Feral Choir leader taps the wilder side of vocal music

Even the Feral Choir’s inventor, Phil Minton, admits that the words feral and choir are strange bedfellows. “It’s sort of a daft idea, isn’t it?” he says with wry amusement, reached at his U.K. home. “It’s a contradiction. A choir is a really unferal thing.”

It’s true that vocal ensembles are inherently social organizations; savagery is one quality that’s usually missing from their makeup. But Minton’s aim is to usher the wild and the uncanny into the realm of vocal music, which he’s been doing as a soloist since the 1970s; more recently, the 66-year-old Londoner has been training others to free their own creative impulses through singing.

Minton himself is one of the world’s great vocal improvisers: not only does he have extraordinary range and flexibility, but he’s also invented an array of extended techniques that have become further popularized through the work of younger artists such as Mike Patton and Christine Duncan. And he’s been generous with his muse: since 1992, he’s been leading voice workshops for musicians, dancers, and actors. But the Feral Choir is aimed at nonperformers, with special emphasis on the marginalized and the dispossessed.

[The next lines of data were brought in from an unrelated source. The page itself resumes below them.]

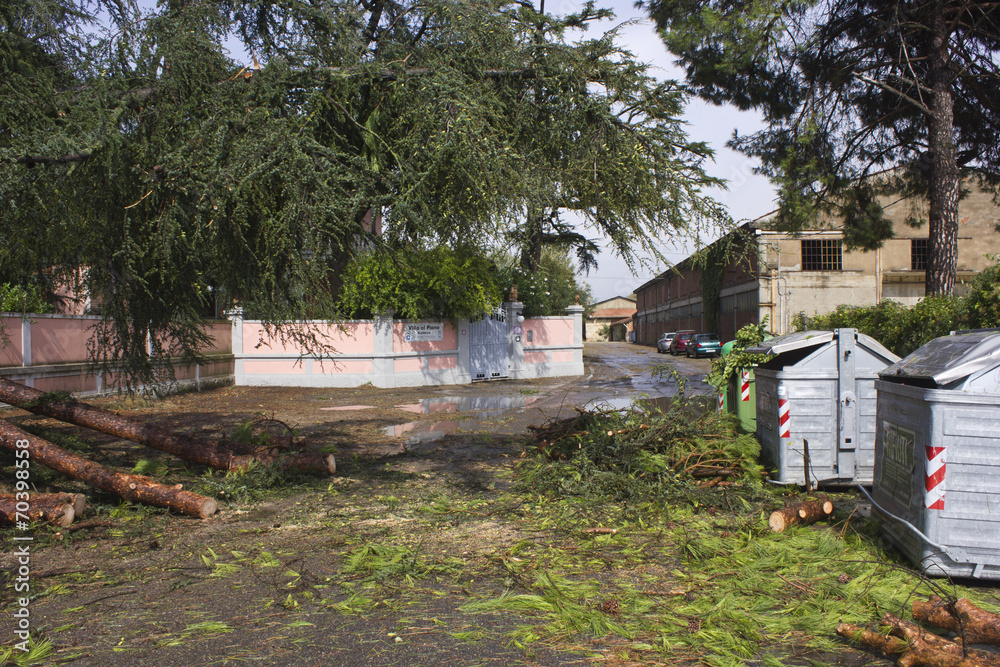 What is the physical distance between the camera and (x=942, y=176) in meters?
12.7

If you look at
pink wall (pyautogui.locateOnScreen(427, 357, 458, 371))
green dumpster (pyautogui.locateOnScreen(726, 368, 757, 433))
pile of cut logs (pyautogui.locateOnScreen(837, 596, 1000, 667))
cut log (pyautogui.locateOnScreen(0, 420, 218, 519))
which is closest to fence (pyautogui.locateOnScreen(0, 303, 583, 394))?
pink wall (pyautogui.locateOnScreen(427, 357, 458, 371))

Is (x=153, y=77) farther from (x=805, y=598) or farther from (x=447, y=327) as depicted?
(x=447, y=327)

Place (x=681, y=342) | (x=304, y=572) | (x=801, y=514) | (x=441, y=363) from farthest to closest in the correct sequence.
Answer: (x=681, y=342)
(x=441, y=363)
(x=801, y=514)
(x=304, y=572)

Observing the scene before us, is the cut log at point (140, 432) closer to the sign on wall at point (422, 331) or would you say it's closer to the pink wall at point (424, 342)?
the pink wall at point (424, 342)

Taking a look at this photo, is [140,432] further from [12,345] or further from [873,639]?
[12,345]

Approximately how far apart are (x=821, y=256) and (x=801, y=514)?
30516mm

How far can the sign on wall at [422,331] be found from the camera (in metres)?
18.5

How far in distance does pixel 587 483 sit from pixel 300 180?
3862 millimetres

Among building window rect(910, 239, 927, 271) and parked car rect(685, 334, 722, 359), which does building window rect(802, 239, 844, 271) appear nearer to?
building window rect(910, 239, 927, 271)

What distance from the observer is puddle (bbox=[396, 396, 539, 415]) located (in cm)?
1381

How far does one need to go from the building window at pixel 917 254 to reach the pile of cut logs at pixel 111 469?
112 feet

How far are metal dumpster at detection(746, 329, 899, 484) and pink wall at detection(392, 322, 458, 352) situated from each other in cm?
1304

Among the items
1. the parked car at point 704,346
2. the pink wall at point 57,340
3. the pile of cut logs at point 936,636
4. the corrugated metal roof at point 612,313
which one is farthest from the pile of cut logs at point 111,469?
the corrugated metal roof at point 612,313

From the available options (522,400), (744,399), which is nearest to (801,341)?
(744,399) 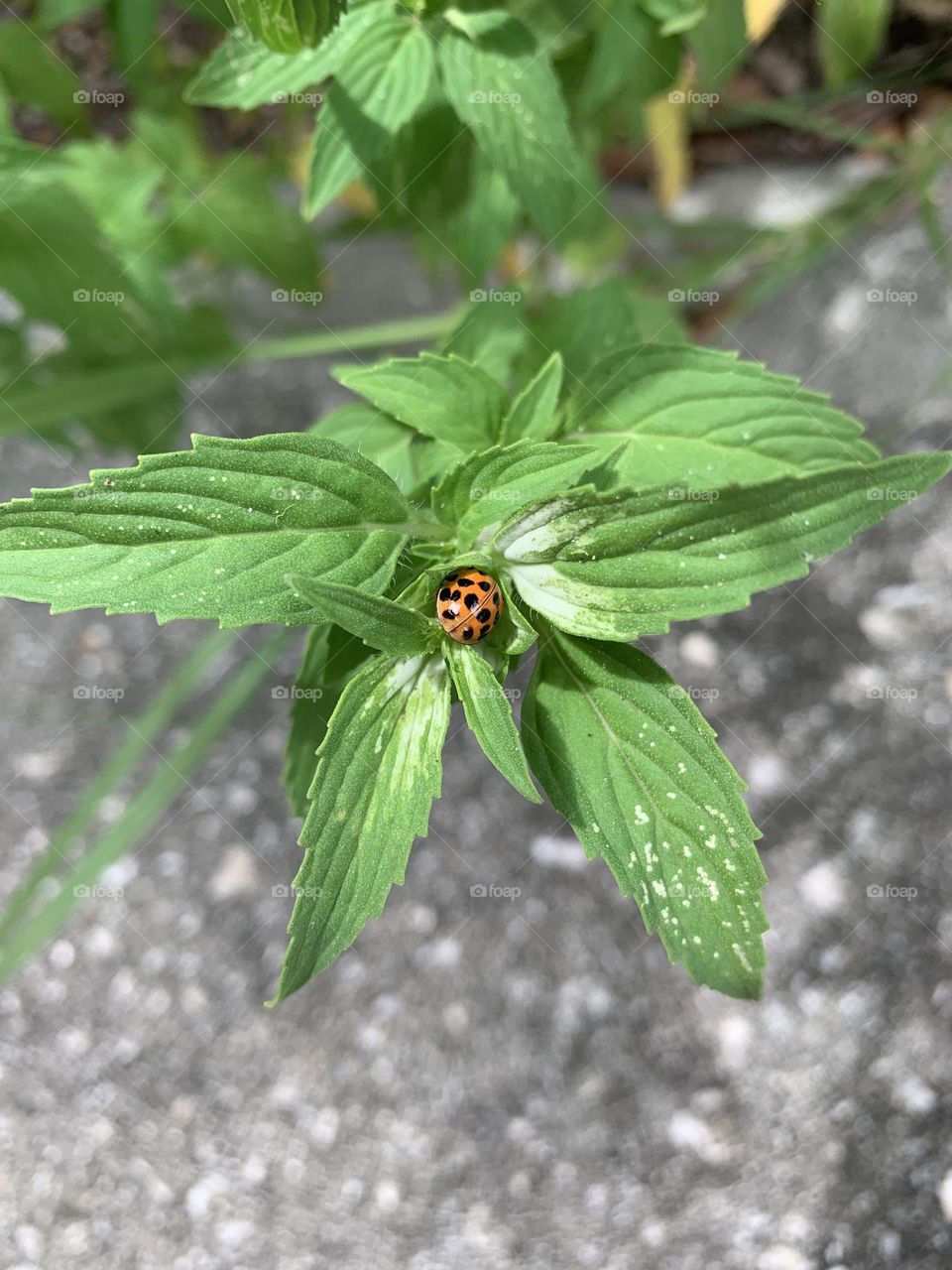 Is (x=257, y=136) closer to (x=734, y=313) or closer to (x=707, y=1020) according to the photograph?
(x=734, y=313)

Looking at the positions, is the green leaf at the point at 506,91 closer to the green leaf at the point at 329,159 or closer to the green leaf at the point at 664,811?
the green leaf at the point at 329,159

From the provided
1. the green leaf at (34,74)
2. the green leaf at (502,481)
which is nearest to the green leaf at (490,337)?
the green leaf at (502,481)

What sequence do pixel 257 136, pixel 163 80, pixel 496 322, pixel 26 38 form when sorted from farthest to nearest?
pixel 257 136 < pixel 163 80 < pixel 26 38 < pixel 496 322

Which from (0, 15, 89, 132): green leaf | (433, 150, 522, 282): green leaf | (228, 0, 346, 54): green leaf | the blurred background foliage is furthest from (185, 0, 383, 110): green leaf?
(0, 15, 89, 132): green leaf

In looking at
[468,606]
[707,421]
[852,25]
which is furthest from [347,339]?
[468,606]

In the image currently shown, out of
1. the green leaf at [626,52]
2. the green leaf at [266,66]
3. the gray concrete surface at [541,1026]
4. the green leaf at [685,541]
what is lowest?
the gray concrete surface at [541,1026]

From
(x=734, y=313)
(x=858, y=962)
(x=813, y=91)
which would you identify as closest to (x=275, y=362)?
(x=734, y=313)

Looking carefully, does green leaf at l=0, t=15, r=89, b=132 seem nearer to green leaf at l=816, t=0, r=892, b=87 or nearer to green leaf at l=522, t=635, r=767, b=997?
green leaf at l=816, t=0, r=892, b=87
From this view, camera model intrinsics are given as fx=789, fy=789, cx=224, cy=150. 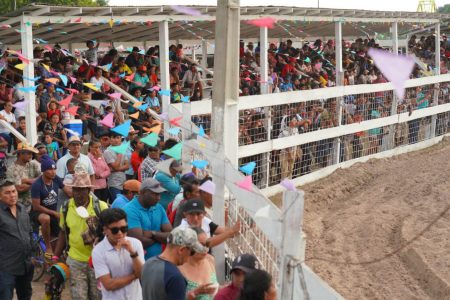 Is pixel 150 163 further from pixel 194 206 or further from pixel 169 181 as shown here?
pixel 194 206

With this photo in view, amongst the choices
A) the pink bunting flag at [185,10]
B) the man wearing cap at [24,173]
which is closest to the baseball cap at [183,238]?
the man wearing cap at [24,173]

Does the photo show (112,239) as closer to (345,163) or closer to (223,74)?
(223,74)

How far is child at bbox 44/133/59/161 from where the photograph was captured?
11.2 meters

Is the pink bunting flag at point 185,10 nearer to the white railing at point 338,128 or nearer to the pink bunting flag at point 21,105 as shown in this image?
the white railing at point 338,128

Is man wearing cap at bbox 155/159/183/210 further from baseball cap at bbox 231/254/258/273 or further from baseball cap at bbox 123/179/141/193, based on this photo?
baseball cap at bbox 231/254/258/273

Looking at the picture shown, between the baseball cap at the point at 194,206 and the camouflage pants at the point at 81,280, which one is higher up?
the baseball cap at the point at 194,206

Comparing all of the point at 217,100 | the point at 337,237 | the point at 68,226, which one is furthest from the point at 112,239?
the point at 337,237

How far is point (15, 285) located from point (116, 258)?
1.68 meters

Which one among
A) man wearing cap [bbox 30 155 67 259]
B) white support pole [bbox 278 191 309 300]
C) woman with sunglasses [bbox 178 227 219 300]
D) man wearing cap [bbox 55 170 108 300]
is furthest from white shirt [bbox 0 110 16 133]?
white support pole [bbox 278 191 309 300]

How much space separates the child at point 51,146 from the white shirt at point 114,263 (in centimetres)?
543

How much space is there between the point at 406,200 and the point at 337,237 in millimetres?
2518

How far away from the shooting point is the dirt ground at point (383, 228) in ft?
30.5

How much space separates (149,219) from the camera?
691 cm

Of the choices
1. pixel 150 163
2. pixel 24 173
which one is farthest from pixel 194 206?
pixel 24 173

“I’ve been doing these workshops on and off for the past 15 years,” says Minton, who leads one such class and performance at the Carnegie Community Centre on Wednesday (February 7). (For info call Rika Uto at 604-665-3003.) “But four or five years ago I did one in France, as part of the Le Mans Festival, and they wanted me to do it with some local people from a housing estate, what you’d call social housing. And the reaction was fantastic!”

What Minton found was that people are secretly dying to sing, despite the shyness and social pressures that keep them quiet. So he’s developed some techniques to bring first-time singers out of their shells, and he’s been teaching them in prisons and community centres, as well as at schools and music festivals, to universally good effect.

“I start with laughter, because it’s the weirdest thing that we do with our voice, really,” he explains. “That sort of gets people going. I get them to explore what their voices are doing when they laugh, or when they make these other noises that we make.

“But I try to keep within the positive sounds,” he adds. “A lot of people, when they think they’re going to be improvising, they like to cough. But I’m like ”˜No, no, don’t do that.’ I just find that one of the most negative sounds; when people are ill, you want to keep away from them!”

Once the workshop participants are comfortable, Minton leads them toward a performance: he’ll break the group up into smaller units, give them specific sounds to improvise on, then direct them with his own voice. The resulting “choral soundscapes” can be both startling and surprisingly accomplished.

“Some absolutely fantastic music has happened through this,” he says. “That’s the one thing I’m most knocked out by. I did this with 200 kids in Zurich, and if you heard it you wouldn’t know what it was. It sounds like some kind of rich electronic music that’s probably been manipulated in the studio, but it’s just acoustic children’s voices.”

Phil Minton plays the Vancouver Community College’s King Edward Campus Auditorium on Wednesday (February 7) and the Ironworks on Thursday (February 8), as part of the Time Flies Improvised Music Festival.